Pete Moorey: We represent all consumers, and the Bill may have a number of different impacts for all consumers. Clearly, for the large number of people on standard variable tariffs, it is going to mean a cut in their energy bills, which will be very welcome for them.

However, as you are probably aware, we have some concerns about the risks presented by a price cap and the impact that could have for consumers as a whole, which may well be mitigated by the measures in the Bill regarding Ofgem, ensuring that it maintains attempts to promote competition.

Nevertheless, the things that we are concerned about with the introduction of a price cap are that we do not see any softening of competition and that we do not see prices for consumers overall going up. It is likely that for some consumers we will see some price rises, as some tariffs get removed. We do not want to see a reduction in the standard of customer service, which is often deemed as being poor among the larger suppliers; the annual satisfaction survey that we do at Which? every year shows that the larger suppliers do very poorly on a whole range of metrics.
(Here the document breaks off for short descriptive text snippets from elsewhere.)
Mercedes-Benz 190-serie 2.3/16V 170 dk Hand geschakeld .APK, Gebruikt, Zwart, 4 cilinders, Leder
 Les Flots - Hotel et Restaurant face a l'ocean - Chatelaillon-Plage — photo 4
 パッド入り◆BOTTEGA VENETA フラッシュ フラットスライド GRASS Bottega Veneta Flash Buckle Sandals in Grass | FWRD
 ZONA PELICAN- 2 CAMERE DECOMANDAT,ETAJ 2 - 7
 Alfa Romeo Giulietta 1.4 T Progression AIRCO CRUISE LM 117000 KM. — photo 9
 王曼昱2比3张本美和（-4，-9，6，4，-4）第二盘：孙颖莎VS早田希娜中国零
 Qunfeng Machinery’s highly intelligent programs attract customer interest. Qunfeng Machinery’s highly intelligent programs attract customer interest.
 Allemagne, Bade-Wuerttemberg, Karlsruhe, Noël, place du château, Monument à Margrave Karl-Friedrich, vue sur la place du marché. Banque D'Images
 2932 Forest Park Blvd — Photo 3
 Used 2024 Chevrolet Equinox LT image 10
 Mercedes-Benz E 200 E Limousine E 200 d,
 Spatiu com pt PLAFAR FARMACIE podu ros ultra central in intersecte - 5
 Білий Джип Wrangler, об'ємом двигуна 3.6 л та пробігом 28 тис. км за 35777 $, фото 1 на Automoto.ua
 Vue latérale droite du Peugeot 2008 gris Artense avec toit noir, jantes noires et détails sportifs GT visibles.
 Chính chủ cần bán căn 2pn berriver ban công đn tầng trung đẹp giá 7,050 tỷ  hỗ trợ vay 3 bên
Also, we do not want to see less innovation in the market. So we do not want to see the introduction of a cap having an impact on the smart meter roll-out, or indeed on the transformation that Dermot Nolan spoke about, which we really support, around the introduction of new suppliers in the market, who may well be able to bring a transformation to energy, which is what we want to see.

I absolutely understand why the price cap is being introduced. I think the energy industry had opportunities, time and again, to stop this from happening, and they failed to react to that and to the problems that their customers were facing in the market. However, as we now introduce the cap, we have to be very mindful of those risks: the last thing we want is a price cap to come in, be removed at the end, and for us then to be left with exactly the same kind of broken market that we have now.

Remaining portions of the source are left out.